Ecosystems and biodiversity are at risk as habitats shift faster than many species can adapt. Changes to oceans, including warming and ocean acidification, can disrupt food webs and fisheries. Because nature supports pollination, water filtration, and carbon storage, ecological damage can feed back into economic and social impacts.
Addressing climate change involves two complementary strategies. Climate mitigation reduces the amount of warming by cutting greenhouse gas emissions and enhancing carbon sinks, while climate adaptation reduces harm by preparing for impacts that are already occurring. The more warming is limited, the easier and less expensive adaptation becomes.
The scientific foundations of climate change go back nearly two centuries. In the 1820s, Joseph Fourier described how the atmosphere could trap heat, and in the 1850s–1860s, Eunice Foote and John Tyndall showed that gases like water vapor and CO2 absorb infrared radiation. In 1896, Svante Arrhenius estimated that doubling CO2 could warm the planet.
In 1958, Charles David Keeling began precise measurements of atmospheric CO2, producing the “Keeling Curve,” which shows a steady rise alongside seasonal cycles. Over time, additional evidence from temperature records, melting ice, rising seas, and shifting ecosystems strengthened the link between greenhouse gases and warming. Modern climate science combines observations with physics-based models to test explanations and project future outcomes.

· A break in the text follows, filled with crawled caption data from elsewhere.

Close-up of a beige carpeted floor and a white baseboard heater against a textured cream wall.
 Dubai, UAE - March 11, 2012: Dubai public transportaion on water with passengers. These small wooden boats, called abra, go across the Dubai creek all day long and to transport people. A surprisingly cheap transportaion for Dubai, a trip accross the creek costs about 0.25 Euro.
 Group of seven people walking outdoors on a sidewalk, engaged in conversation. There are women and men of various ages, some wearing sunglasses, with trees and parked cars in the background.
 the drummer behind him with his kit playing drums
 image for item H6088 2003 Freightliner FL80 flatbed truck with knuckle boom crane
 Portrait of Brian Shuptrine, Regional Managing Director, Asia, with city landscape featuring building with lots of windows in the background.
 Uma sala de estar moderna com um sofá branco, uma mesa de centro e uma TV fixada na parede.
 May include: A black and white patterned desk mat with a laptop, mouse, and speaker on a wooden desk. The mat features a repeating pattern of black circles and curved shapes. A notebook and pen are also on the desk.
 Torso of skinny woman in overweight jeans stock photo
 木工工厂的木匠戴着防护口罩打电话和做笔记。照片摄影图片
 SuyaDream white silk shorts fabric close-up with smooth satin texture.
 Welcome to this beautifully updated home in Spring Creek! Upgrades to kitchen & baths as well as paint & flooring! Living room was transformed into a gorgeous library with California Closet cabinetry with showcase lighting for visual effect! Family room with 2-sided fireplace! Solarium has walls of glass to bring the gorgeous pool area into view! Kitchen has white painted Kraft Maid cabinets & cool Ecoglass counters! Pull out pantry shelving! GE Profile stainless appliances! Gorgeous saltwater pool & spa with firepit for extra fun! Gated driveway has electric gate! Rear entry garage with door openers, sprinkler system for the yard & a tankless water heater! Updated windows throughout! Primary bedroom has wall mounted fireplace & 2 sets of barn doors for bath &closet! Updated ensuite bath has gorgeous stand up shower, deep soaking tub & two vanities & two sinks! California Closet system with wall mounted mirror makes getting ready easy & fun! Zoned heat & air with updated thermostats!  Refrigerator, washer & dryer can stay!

International attention grew as impacts and evidence mounted. Agreements and national policies have aimed to curb emissions, though progress has varied by country and sector. Today, the field integrates atmospheric science, oceanography, ecology, economics, and risk management.
“Climate change is the same as weather.” Weather is day-to-day, while climate is the long-term pattern of conditions over decades. A cold day does not contradict climate change, just as a hot day does not prove it by itself. What matters are long-term trends and changes in the frequency of extremes.
“Scientists can’t agree.” The core finding that human activities are warming the planet is supported by extensive evidence and broad agreement across relevant scientific fields. Debate continues about details like regional impacts and the pace of specific changes, which is normal in active research. Those uncertainties do not erase the main conclusion.
“CO2 is too small a fraction of the atmosphere to matter.” Small concentrations can have large effects when they interact strongly with infrared radiation. Many influential substances are effective at low concentrations, and CO2’s heat-trapping properties are well measured in laboratories and observed in the real atmosphere.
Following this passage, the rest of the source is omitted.